Mission: Providing awareness, education, and support to previvors and survivors of hereditary breast and gynecological cancers.

Vision: All families with a hereditary risk of cancer have the resources and support to proactively manage their health, reduce their risk of cancer, and prevent cancer diagnoses.

We serve previvors in the greater Charlotte area and York County, South Carolina. When previvors come to us, they are often frightened, overwhelmed, and confused. They have been given information about their increased cancer risk, and the choices they make in response to this information will change the trajectory of their lives and their families’ lives. Nothing Pink is unique in our response and support of this community:

1. We are an educational conduit that condenses the ocean of genetic information into practical, helpful steps for care and prevention.

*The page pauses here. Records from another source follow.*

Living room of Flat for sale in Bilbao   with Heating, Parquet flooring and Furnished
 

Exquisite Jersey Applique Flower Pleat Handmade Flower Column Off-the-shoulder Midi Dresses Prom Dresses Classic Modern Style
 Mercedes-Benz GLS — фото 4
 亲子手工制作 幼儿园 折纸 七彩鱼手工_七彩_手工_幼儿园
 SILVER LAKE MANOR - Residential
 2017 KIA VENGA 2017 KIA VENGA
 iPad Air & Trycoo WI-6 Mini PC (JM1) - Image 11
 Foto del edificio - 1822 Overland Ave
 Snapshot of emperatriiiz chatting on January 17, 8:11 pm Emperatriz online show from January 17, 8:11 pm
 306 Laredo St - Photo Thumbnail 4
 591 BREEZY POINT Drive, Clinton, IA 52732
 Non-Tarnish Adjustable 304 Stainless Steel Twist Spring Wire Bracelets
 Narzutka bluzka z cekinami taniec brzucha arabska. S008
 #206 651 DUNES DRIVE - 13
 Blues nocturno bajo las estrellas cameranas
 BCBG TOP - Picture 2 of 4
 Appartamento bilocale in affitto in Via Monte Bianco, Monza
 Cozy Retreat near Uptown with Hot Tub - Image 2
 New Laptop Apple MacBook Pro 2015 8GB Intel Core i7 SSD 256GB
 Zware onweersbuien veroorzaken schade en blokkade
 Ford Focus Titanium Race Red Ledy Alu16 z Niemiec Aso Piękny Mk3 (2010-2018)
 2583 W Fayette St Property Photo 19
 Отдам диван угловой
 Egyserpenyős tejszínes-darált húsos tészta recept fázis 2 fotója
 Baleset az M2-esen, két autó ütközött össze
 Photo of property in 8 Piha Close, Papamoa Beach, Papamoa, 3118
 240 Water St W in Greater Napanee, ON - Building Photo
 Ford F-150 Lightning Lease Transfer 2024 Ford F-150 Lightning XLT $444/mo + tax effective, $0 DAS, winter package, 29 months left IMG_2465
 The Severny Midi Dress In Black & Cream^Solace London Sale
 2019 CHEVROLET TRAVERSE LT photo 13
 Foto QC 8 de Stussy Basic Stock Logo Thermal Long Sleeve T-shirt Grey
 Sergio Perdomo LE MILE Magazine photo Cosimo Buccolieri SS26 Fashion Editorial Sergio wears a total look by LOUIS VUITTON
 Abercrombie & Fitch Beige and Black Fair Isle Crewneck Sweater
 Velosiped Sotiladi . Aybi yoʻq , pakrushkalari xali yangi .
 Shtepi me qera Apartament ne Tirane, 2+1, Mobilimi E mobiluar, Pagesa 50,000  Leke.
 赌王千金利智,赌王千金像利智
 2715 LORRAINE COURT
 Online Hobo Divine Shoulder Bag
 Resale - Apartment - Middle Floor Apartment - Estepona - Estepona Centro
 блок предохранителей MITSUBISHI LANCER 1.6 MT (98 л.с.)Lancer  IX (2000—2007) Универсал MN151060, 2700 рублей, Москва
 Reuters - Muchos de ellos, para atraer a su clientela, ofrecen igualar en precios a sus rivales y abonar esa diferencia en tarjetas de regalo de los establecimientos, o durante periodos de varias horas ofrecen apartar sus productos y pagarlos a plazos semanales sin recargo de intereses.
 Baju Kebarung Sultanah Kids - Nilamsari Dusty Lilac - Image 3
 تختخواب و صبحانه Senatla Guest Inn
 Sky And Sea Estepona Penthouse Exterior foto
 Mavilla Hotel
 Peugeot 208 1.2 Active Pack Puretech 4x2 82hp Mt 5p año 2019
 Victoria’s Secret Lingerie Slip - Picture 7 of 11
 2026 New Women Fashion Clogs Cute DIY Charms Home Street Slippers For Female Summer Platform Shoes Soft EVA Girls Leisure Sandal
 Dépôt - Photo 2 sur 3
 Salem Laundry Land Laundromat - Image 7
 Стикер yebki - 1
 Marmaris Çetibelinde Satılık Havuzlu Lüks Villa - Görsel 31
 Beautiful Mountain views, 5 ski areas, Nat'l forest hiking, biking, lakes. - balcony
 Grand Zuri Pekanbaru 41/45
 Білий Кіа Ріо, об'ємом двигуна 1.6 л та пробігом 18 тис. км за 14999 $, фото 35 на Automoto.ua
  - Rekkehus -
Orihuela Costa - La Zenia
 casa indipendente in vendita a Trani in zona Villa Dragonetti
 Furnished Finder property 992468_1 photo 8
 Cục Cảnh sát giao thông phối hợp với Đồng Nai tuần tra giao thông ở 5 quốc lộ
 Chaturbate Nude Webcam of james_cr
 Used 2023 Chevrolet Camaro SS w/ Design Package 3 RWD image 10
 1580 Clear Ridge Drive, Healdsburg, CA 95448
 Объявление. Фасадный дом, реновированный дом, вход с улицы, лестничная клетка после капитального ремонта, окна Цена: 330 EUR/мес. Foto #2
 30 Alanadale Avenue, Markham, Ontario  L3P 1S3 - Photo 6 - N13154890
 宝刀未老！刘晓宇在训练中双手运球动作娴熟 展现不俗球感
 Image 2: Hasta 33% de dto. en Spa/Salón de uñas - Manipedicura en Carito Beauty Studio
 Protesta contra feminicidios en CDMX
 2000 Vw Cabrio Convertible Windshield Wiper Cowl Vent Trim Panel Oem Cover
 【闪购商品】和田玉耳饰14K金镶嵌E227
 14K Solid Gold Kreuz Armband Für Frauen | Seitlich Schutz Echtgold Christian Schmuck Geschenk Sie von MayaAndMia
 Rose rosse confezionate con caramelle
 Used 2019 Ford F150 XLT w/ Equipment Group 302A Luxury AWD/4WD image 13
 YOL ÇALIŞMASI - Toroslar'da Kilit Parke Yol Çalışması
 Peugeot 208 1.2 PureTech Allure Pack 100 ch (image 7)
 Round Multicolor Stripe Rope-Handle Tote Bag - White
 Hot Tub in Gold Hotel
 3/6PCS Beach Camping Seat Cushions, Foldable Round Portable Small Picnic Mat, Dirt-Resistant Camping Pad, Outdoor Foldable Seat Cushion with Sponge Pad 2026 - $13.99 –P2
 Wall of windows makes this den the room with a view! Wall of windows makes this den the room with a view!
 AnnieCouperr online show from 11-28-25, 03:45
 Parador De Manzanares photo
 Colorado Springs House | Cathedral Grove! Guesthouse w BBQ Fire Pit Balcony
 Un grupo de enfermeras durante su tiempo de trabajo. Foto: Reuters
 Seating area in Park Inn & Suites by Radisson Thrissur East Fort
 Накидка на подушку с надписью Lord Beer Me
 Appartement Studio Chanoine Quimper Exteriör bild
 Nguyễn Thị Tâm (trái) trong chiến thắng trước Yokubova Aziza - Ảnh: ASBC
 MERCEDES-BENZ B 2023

2. We are the only HBOC support group in the area for people considering genetic testing or preventative steps.

3. We are the only regional organization that provides financial support specifically for individuals considering genetic testing, or preventative steps.

“The Roots” home is located in Rock Hill, South Carolina. We extend our in-person services to all regional women battling breast and gynecological cancers, regardless of their genetic disposition. We receive many referrals by way of medical providers, word-of-mouth and key community partnerships such as Teal Divas, Invision and The Pink House. 

Many of our previvors are sent through a referral from other area nonprofits, genetic counselors and healthcare providers. Providers give their patients a NothingPink Support Folder, which contains previvor and survivor experiences and testimonies, What is NothingPink?, and an invitation to join the community. Patients can contact Nothing Pink directly via web, email, or phone.

To date, Nothing Pink has served 363 previvors and survivors impacted by breast and gynecological cancers.